The pharmaceutical composition is formulated for intravenous or subcutaneous administration at a first therapeutically effective dose of about 0.125 mg / kg to about 10 mg / kg, and then the pharmaceutical composition is (i) about 0.25 mg / kg. Is it formulated for intramuscular administration at a second therapeutically effective maintenance dose of ~ 50 mg / kg; or (ii) oral administration at a second therapeutically effective maintenance dose of about 1 mg / kg ~ 20 mg / kg The pharmaceutical composition according to any one of claims 24 to 26, which is formulated for use .

The pharmaceutical composition according to any one of claims 24-26, wherein the pharmaceutical composition is formulated for administration by an ocular implant at a therapeutically effective dose of about 100 μg to about 50 mg.

A method for detecting compstatin analogs in biological samples.
(1) A first plurality of compounds in which at least a portion of the compstatin analog molecule binds to C3 and / or its fractions C3b, iC3b, and C3c to form multiple C3-linked compstatin analog molecules. Steps to provide a biological sample containing a compstatin analog molecule;
(2) The step of heat-inactivating a biological sample to generate a heat-inactivated sample, in which the compstatin molecule dissociates from its target C3 molecule;
(3) A step of providing a CM5 sensor chip to which a second plurality of Compstatin analog molecules are covalently bound;
(4) The heat-inactivated sample is present in the biological sample by mixing a predetermined amount of C3 / C3b / iC3b / C3c or human plasma (as a source of C3) and contacting the mixture with the CM5 sensor chip. Steps in which the heat-releasing compstatin analog molecule competes for binding to C3 with the immobilized compstatin analog molecule; and
(5) By detecting the binding of free C3 / C3b / iC3b / C3c to the compstatin analog molecule on the CM5 chip, the reduction of bound C3 / C3b / iC3b / C3c in the heat-inactivated biological sample. Steps proportional to the presence of the Compstatin analog molecule;
How to include.

36. The method of claim 36, wherein the detection comprises surface plasmon resonance.

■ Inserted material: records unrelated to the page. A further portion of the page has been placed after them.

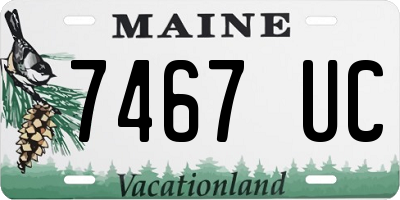 ME license plate 7467UC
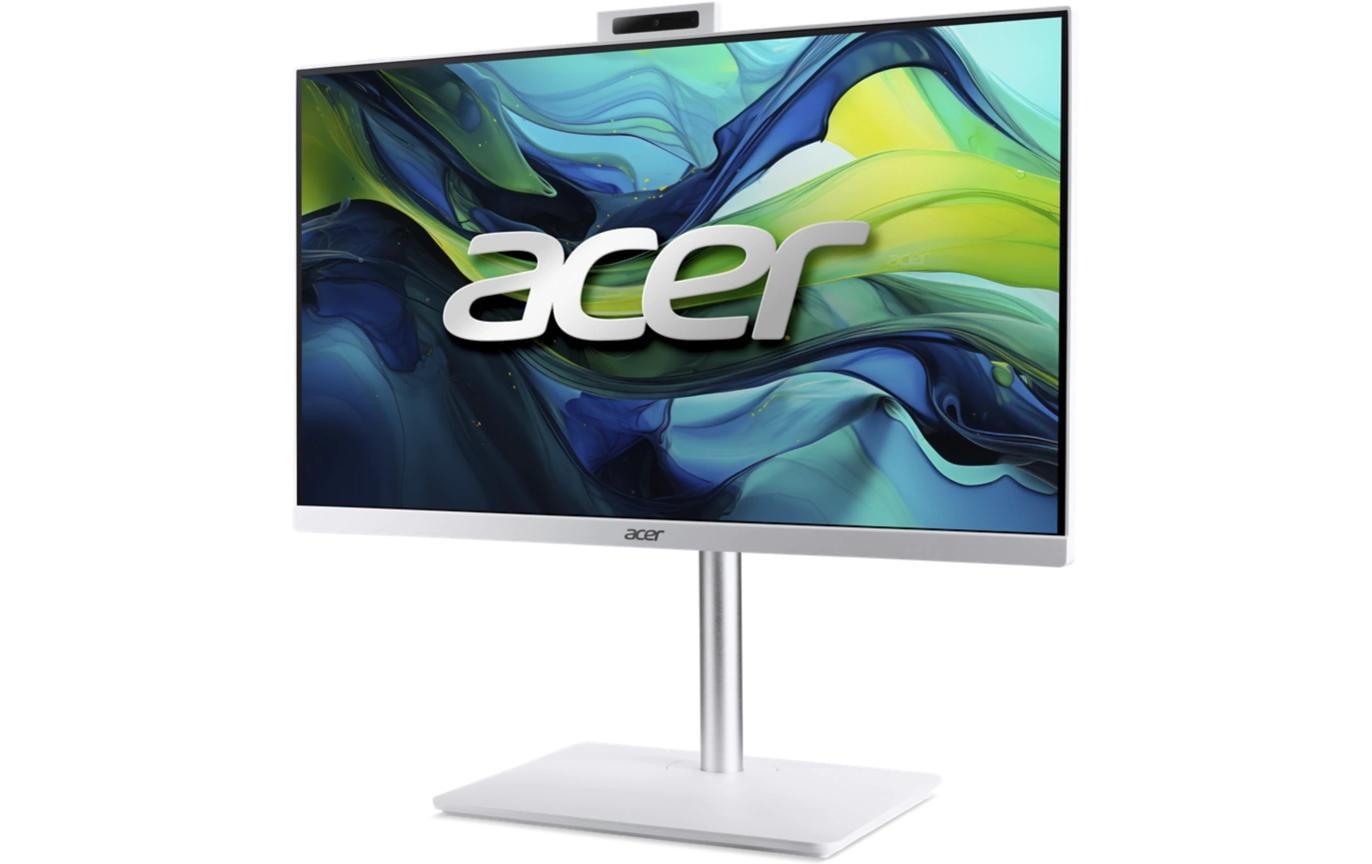 Acer Aspire AIO C24 – Monitor, 23,8" 1920 × 1080 (Full HD), IPS, Windows 11 Home, Webcam, USB-C, Weiss
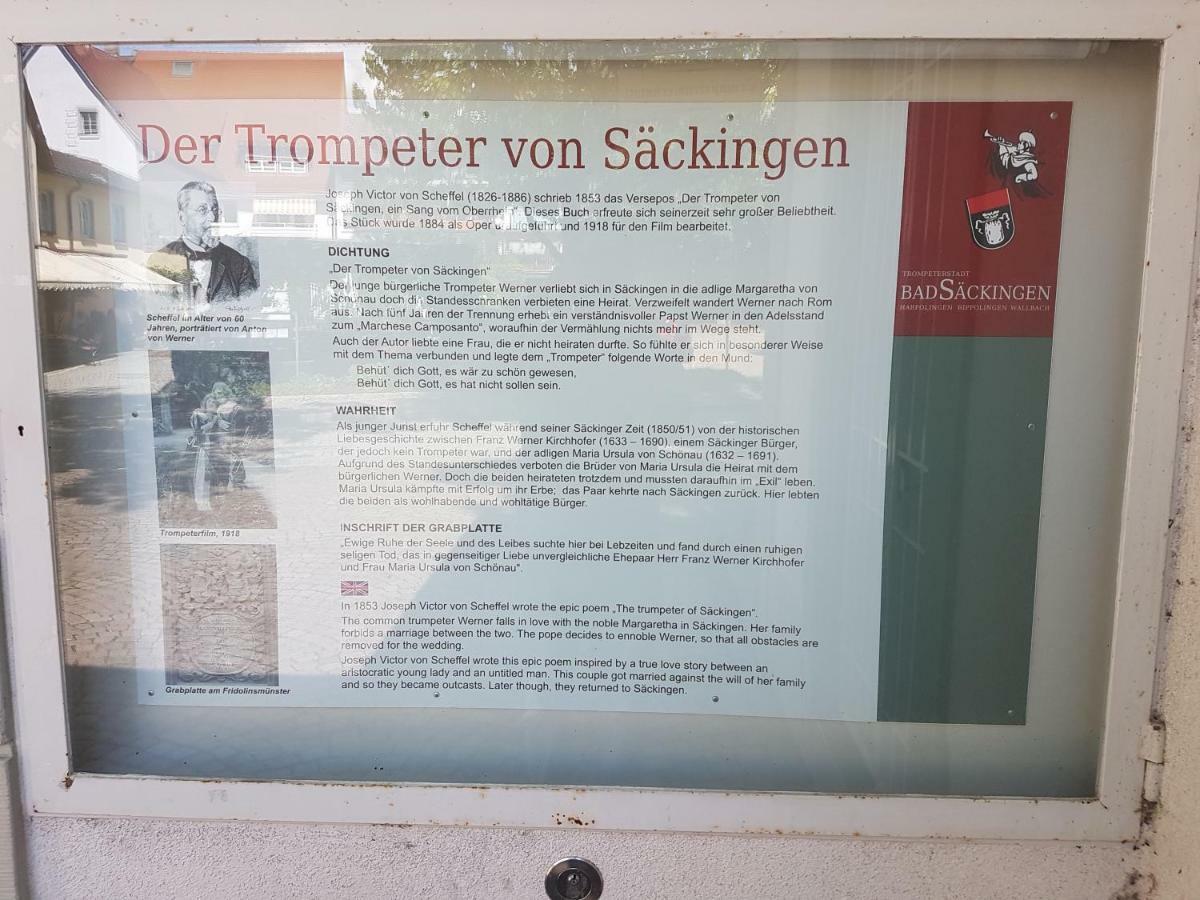 Apartamento Storchennest Bad Säckingen Exterior foto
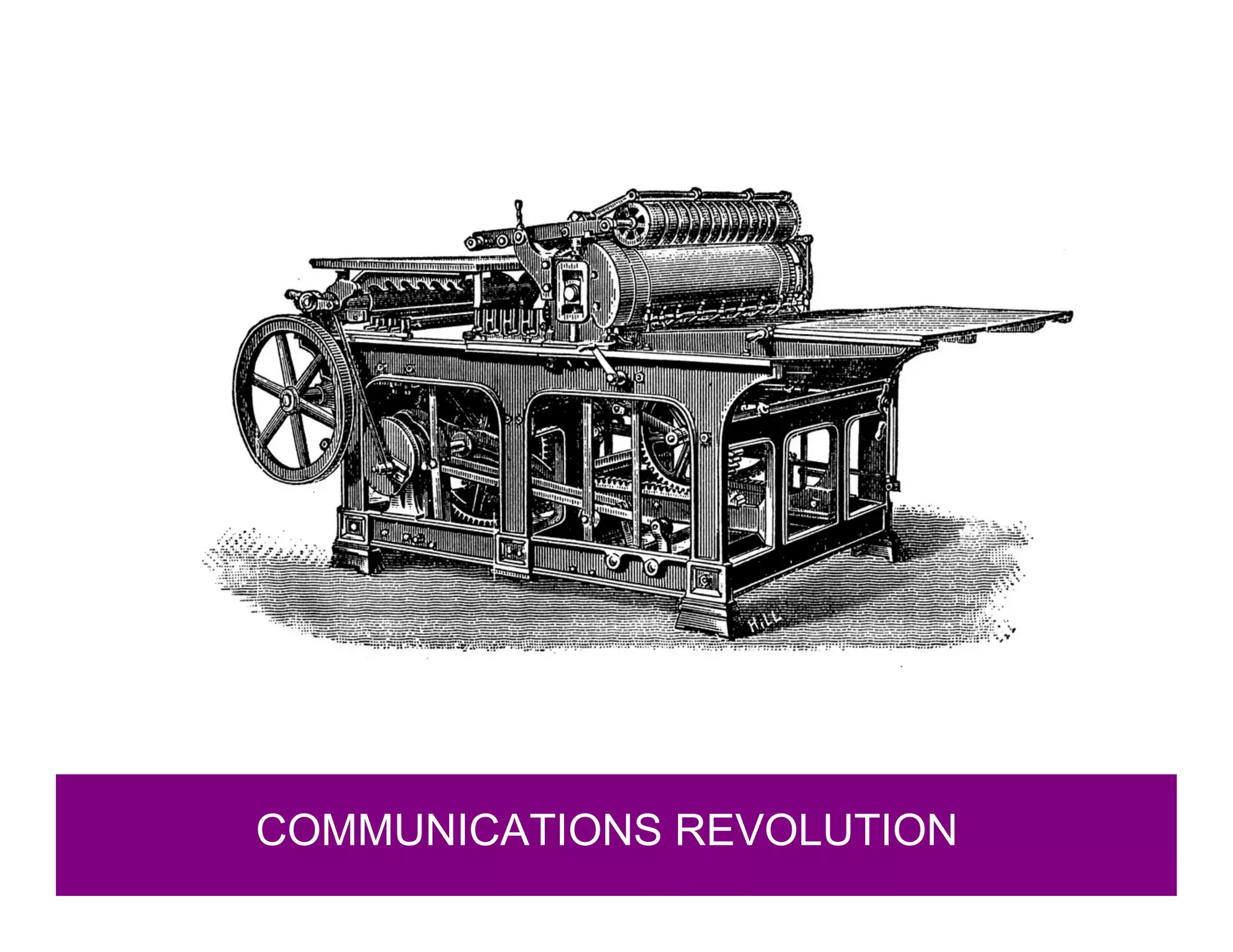 COMMUNICATIONS REVOLUTION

36 or 37. The method of claim 36 or 37, wherein the biological sample is a vitreous fluid sample or plasma sample extracted from a human or non-human primate.

The first plurality of Compstatin analog molecules, the second plurality of Compstatin analog molecules, or both the first plurality of Compstatin analog molecules and the second plurality of Compstatin analog molecules are sequence number: 7, sequence. If the polypeptide comprises a polypeptide having an amino acid sequence selected from the group consisting of number: 9 and SEQ ID NO: 10, and the amino acid sequence is SEQ ID NO: 7, the compstatin analog molecule is shared at the N-terminal of the compstatin analog. The method of any one of claims 36-38, further comprising a bound PEG having a molecular weight of about 1 kDa to about 3 kDa.